麻生太郎首相は先月30日の記者会見で、追加経済対策の目玉である給付金方式で実施することにした定額減税について、「全世帯について実施します。規模は2兆円。単純に計算すると4人家族で約6万円になるはず」とはっきり語った。
減税ではない給付金に落ち着いたのは、お金やクーポンで全世帯に配るわかりやすさに加え、年度内実施のため、所得の正確な把握など煩雑な事務手続きが省けるからだ。早期に国民に甘いアメを配る手立てとして考えたということだ。首相が公式の記者会見で表明した以上、国民は必要な予算措置や法案が通れば来年3月までに給付金が受け取れると思ったに違いない。
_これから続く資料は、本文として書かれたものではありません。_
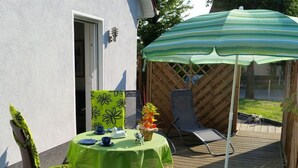 Eine Terrasse mit Tisch, der mit einer grünen Tischdecke bedeckt ist, zwei Stühlen, einem kleinen Blumentopf und einem gestreiften Sonnenschirm.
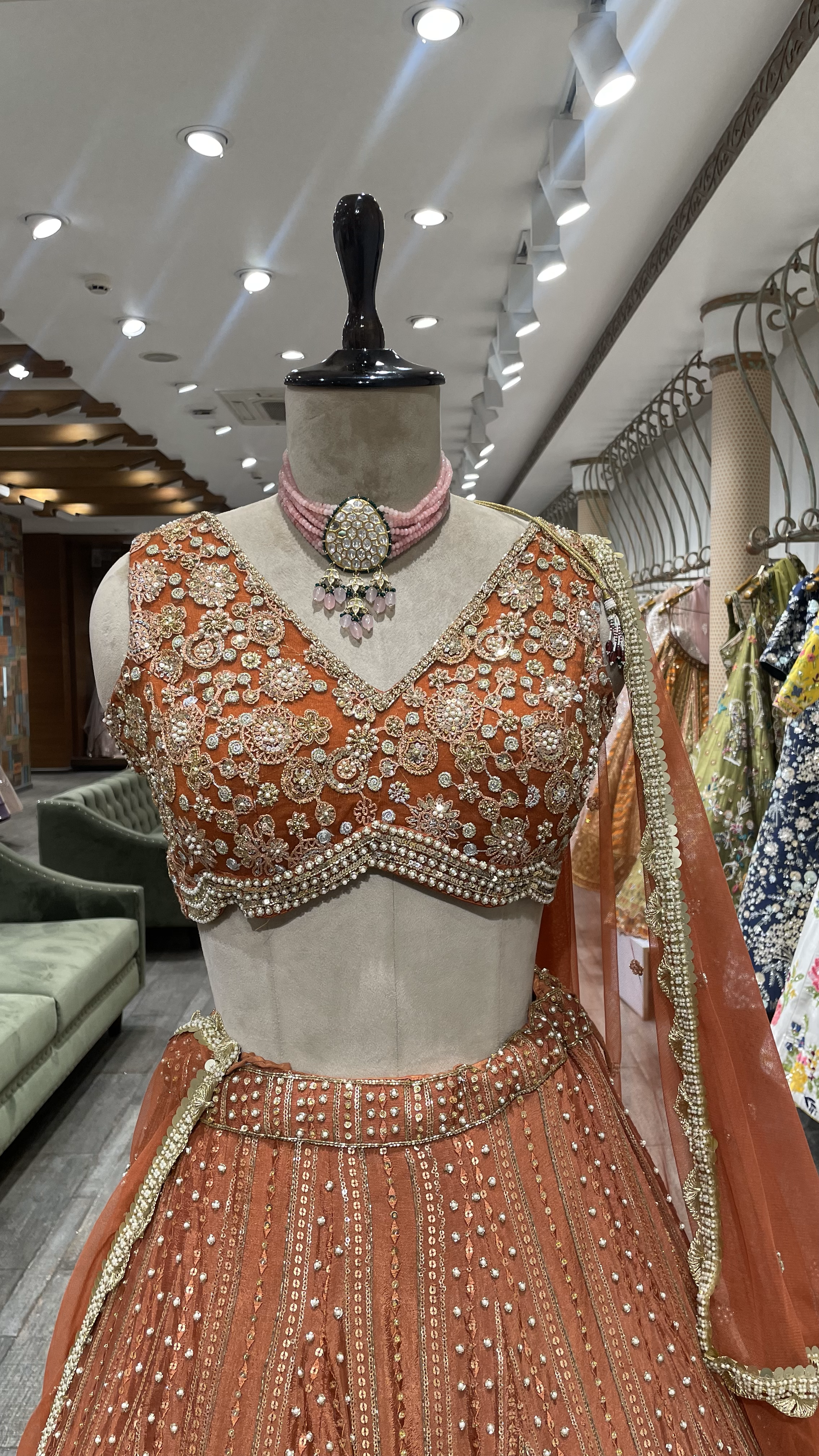 Rust Chinon Lehenga with pearl sequins and pot embellishments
ところが、この給付金の基本的枠組みは詰まってはいなかった。麻生首相の会見の翌日に開かれた経済財政諮問会議では、高額所得者まで給付対象にすることに異論が出された。これを受ける形で、与謝野馨経済財政担当相は、「(年収)1000万円を挟んでいくらかではないか」と、具体的線引きに言及した。中川昭一財務・金融担当相は全世帯が対象と応酬した。
定額減税の実施を福田康夫前政権時代から強く求めてきた連立与党の公明党は年度内実施にこだわると同時に、低所得者への増額などを模索している。
では、麻生首相の本音はどうなのか。
4日になり、所得制限論を肯定した。記者会見時は「具体策がないので、全世帯と言わなきゃだめだった」と言い訳した。与謝野経済財政担当相は自己申告方式を提起した。
これでは麻生首相の記者会見は信用できないということになる。
年度内に定額減税の実施を強く求めてきたのは公明党だった。当初、自民党内では消極論が強く、8月末の緊急総合対策決定時には、規模や方法を決めることができなかった。追加対策を「生活対策」と名付けた段階で、国民受けする施策として前面に打ち出すことが必要になった。
それならば、政府・与党内で給付金にした経緯、その基本的な仕組みの合意を形成した上で、対策に乗せるのが筋だ。甘いアメを配るための詰めも甘かったということだ。
こういった、生煮えの政策提起はこれだけではない。給付金などの財源に財政投融資特別会計の金利変動準備金を振り向けることで、国債の償還や消却に支障が出ることに対して、何らの対策も示されていない。麻生首相が提起した社会保障財源確保のための消費税率引き上げも、財政全体を見据えたものではない。
財政の基礎的収支(プライマリーバランス)黒字化だけを目的化する必要はないが、財政悪化を放置することはできない。理念なき経済政策の結末であり、容認できることではない。